Wade Stubbs on North Caicos
The best preserved of the plantation sites in the Caicos Islands has to be Wades Green.
It is also one of the better-understood sites because Paul Farnsworth, Louisiana State University, carried out archaeological excavations there in 1989. All though it is clear that the interpretation of some of the buildings in the main complex is at question (the Overseers accommodation only gained this name because a set of keys were found there) it was a beginning, which unfortunately has not been followed up. The site has also been a central part in a community project: as part of a drug rehabilitation and anti drug movement there has been an ongoing project to make the site more accessible and the National Trust has also become involved to help interpret the site. This has recently seen an opening ceremony held at the site on September 14th 2001.
Wade Stubbs, a Florida Loyalist, listed his losses during the Revolutionary War as 1 450 acres of land, 15 head of stock and, 4 riding horses with slave holdings of three Negro men and two children. In 1782 Stubbs petitioned the British Crown for land in the Bahamas to compensate his losses.
Wade Stubbs set up “Bellefield” after being granted 860 acres on the 27th March 1789: “860 acres on the island of Grand Caicos, one of our Bahama Islands, bounded on the West by James Misick’s land, easterly by Catherine Davis’ land and vacant land, and southerly by salt marshes”. This was the second of the largest grants of land and on 10th February 1791 he was granted a further 100 acres. Wade Stubbs lives on in the annals of slave history, as it was from his estate in 1800 that 14 slaves escaped together, becoming the largest single escape of slaves in the Bahamian Archipelago.

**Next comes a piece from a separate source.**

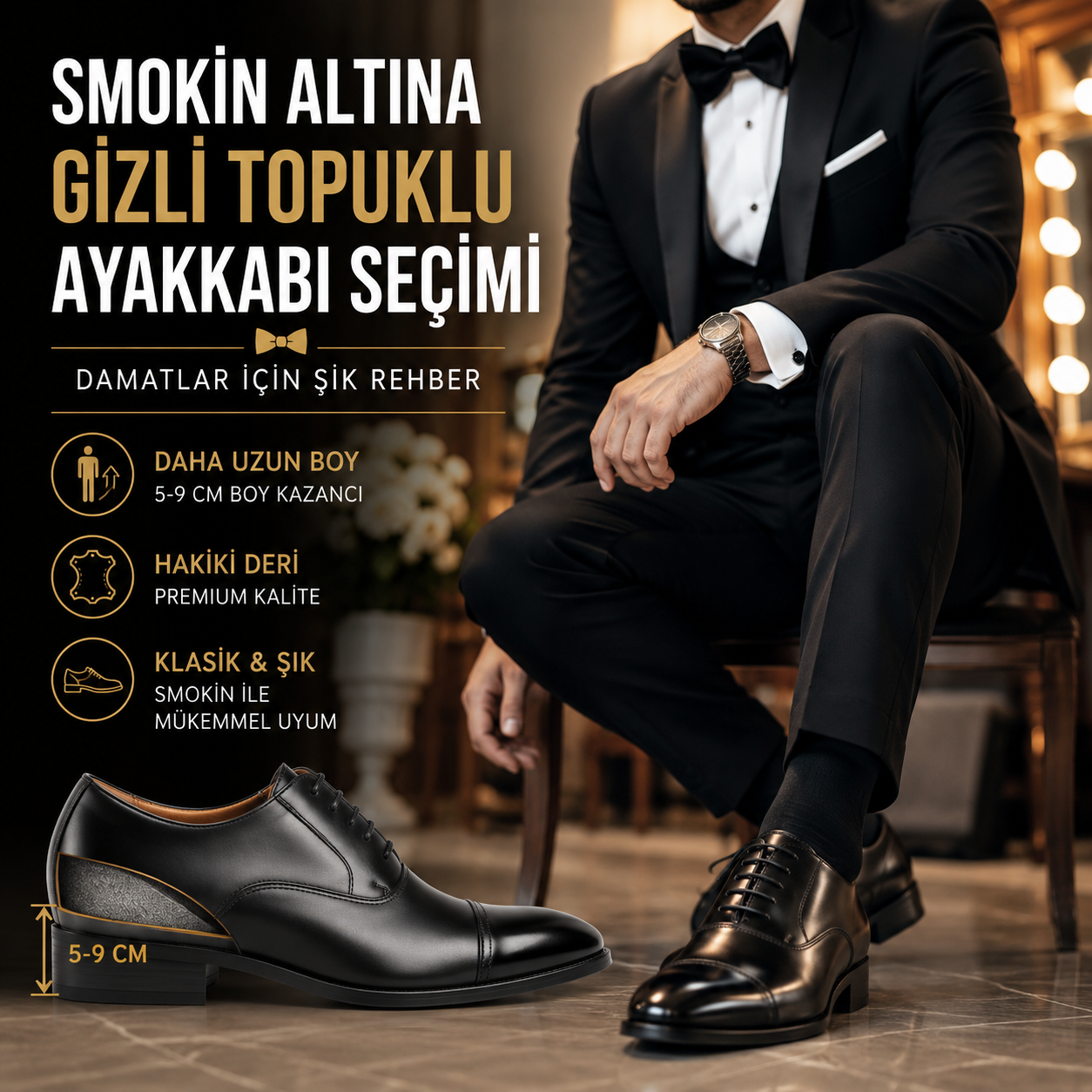 smokin altına gizli topuklu ayakkabı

He was the largest of the plantation owners and at the time of his death in 1822 he owned Wades Green (3000acres), Cheshire Hall (5000 acres) and Haulover. The 1822 slave register lists 384 slaves in his ownership. It appears that after his death Henshall Stubbs took some of the slaves to Grand Turk to work in the salt industry. The remaining slaves were left in North Caicos to fend for themselves. Soon these slaves started to congregate around Kew.
Future research will clearly be made into Wade Stubbs. In recent years the Stubbs family has been one of the most popular to be researched by family historians interested in their relatives in the Turks and Caicos. This is assisting the Museum by providing access to previously unseen documents held in private collections in the USA and Britain.